まだ花の季節ではないが、それでもそよ風が、ごく微かな草木の匂いを運んできた。
冷たい早朝の空気も心地良く、オレは目を細めた。
「王都と違って、空が広いな……。一面曇ってるのが、少し残念だ」
「魔物は太陽があんまり好きじゃないから、ちょうどいいのよ。あの隅っこが水場」
「ああ……って、ニワトリまで飼ってるのか。放し飼いとは自由だな」
ちょうど十数羽の群れが、小刻みに鳴きながら歩き回っていた。
白い羽が鳴き声に合わせて揺れている。
真っ赤なトサカは、見たことがないほど大きく立派だ。
興味を引かれて、オレは群れに近づく。
「逞しいトサカだな。初めて見る種類だ。卵用か?」
「ええ。でもそれコカトリスよ」
「コカーーっ!?」
オレは奇声を上げて飛び上がった。
「早く言えよ!? 突っつかれたら石になるだろ!?」
「今言ったじゃない。ていうかコカトリス、見たことないの?」
「あるわけがない。存在自体が珍しい魔物だから、知っているヤツのほうが少ないぞ」
「ちなみに毎朝の餌やりは、明日からあんたの仕事だけど」
「……そ、その程度、朝飯前だ」
オレは強がったが、ただの餌やりが命がけとは……。
人間の世界とは一線を画している。
「で、こっちが井戸。飲み水から調理水、洗濯水まで、全部ここでまかなってるわ。はい、これ」
ミッケは小さな麻袋を、オレに手渡した。
「これは?」
「さっき倉庫から持ってきた、新しい包帯と傷薬よ。身支度が終わったら、厨房に来て。

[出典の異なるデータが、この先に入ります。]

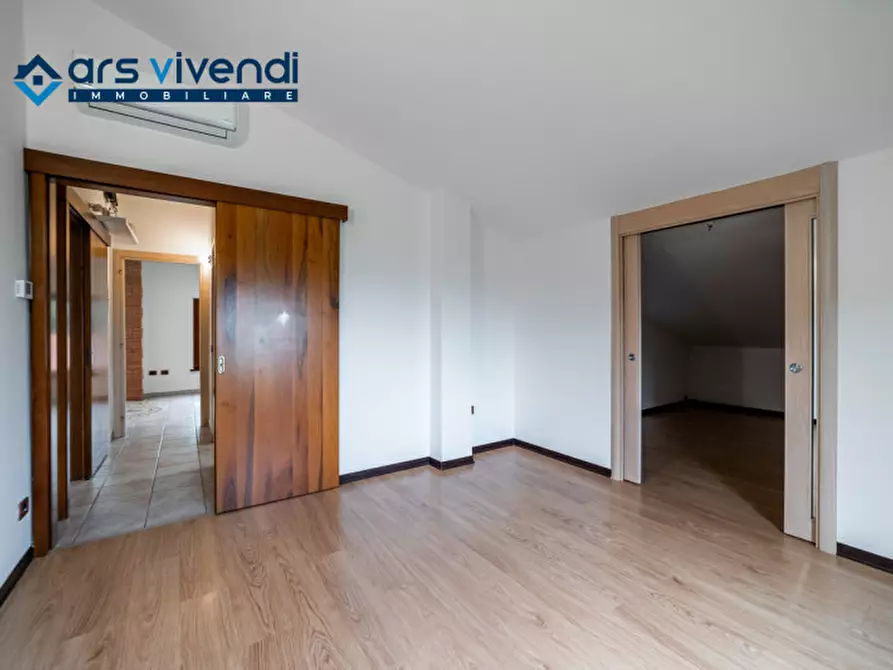 Immagine 12 di Villa in vendita  in Via Canesella a Colognola Ai Colli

手伝ってもらうことがあるから」
そう言い残すと、ミッケはさっさと城内に戻っていった。
オレは1人取り残されたが、これは好都合だ。
目の前に石造りの井戸がある。
そのふちに腰を下ろすと、オレは腰紐から愛用のナイフを引き抜いた。
どんなときでもナイフを1本持っていれば便利というのが、オレの持論だ。
「さて、この首輪だ」
撫で付ける。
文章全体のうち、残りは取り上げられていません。